WHAT TO DO: Beneath this instruction is a listing; print exactly the lines in it starting at the line that contains "Rosas photo" and going through the line that contains "интернет-магазине OZON (634733741)".

STORED DATA:
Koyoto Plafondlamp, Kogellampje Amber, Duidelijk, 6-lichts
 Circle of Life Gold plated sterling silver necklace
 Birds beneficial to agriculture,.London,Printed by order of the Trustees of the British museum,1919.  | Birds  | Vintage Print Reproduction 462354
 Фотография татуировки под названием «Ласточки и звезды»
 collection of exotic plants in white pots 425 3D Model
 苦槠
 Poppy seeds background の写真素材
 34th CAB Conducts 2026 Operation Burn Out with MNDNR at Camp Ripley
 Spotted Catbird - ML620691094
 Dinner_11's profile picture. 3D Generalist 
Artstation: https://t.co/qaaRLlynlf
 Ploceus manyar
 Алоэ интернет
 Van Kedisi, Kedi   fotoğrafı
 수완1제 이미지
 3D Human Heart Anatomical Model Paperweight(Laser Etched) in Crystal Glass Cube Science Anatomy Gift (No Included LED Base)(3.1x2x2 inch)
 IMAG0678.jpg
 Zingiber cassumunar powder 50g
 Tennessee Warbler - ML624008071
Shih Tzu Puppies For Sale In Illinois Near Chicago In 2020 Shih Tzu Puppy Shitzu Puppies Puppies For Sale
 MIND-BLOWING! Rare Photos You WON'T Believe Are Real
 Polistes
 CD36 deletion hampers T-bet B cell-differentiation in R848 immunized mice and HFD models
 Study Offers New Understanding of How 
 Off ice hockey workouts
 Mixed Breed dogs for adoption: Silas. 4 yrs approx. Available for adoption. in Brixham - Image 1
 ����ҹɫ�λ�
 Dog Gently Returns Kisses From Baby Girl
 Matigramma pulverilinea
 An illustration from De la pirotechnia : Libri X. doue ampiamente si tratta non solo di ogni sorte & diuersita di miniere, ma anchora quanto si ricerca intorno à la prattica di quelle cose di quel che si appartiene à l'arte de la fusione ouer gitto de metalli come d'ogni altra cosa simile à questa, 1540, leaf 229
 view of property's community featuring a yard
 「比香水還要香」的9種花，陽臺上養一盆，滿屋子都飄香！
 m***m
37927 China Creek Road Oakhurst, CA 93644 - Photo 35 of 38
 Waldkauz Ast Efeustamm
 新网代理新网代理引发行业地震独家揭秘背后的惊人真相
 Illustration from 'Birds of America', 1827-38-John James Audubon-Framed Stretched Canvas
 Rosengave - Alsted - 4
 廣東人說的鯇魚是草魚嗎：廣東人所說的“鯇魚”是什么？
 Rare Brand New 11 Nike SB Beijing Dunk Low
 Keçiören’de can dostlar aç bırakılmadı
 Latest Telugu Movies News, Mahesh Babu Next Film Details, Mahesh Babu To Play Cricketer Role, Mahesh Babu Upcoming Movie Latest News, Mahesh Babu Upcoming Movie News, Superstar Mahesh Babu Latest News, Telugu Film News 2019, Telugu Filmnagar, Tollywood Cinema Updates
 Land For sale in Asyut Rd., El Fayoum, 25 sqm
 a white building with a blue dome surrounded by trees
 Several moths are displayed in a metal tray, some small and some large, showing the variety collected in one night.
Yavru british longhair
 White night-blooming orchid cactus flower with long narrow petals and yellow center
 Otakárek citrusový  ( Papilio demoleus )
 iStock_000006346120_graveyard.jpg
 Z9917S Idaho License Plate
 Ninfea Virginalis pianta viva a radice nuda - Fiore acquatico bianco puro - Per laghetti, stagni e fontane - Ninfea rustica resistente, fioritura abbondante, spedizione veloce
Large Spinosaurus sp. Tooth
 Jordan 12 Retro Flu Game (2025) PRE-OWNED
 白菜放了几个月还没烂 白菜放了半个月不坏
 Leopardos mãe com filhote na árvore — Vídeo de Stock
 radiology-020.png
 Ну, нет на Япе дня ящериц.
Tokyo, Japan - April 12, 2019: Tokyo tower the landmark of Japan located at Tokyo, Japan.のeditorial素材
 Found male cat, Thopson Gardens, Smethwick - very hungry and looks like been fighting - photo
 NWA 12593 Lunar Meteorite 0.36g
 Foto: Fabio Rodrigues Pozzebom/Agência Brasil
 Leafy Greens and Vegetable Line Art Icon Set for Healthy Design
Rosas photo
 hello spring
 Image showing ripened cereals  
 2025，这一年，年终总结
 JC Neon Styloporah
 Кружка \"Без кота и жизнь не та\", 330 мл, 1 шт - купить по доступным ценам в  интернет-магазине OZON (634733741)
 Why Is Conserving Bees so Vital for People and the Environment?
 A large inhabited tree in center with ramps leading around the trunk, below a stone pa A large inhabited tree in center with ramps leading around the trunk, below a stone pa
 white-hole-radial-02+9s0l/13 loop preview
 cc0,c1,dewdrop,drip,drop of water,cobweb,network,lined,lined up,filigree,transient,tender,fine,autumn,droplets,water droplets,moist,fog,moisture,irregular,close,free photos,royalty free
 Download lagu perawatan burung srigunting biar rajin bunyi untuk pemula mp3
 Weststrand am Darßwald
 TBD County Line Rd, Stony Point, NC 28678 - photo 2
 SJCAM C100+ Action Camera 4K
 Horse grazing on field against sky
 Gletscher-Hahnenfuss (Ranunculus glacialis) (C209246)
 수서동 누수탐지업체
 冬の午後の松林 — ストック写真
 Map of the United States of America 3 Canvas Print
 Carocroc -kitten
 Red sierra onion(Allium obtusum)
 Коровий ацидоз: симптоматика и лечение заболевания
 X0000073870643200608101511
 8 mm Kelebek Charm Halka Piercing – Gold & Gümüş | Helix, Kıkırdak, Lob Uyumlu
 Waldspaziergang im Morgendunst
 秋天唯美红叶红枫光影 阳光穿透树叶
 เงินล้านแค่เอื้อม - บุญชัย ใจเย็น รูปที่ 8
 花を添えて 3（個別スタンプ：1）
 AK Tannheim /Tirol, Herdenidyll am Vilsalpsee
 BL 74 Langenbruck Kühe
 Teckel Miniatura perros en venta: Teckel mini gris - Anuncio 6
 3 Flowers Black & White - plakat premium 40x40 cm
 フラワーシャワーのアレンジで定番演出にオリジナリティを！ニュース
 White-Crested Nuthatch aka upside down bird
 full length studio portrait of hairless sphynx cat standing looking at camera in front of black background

SOLUTION TO THE PROBLEM:
Rosas photo
 hello spring
 Image showing ripened cereals  
 2025，这一年，年终总结
 JC Neon Styloporah
 Кружка \"Без кота и жизнь не та\", 330 мл, 1 шт - купить по доступным ценам в  интернет-магазине OZON (634733741)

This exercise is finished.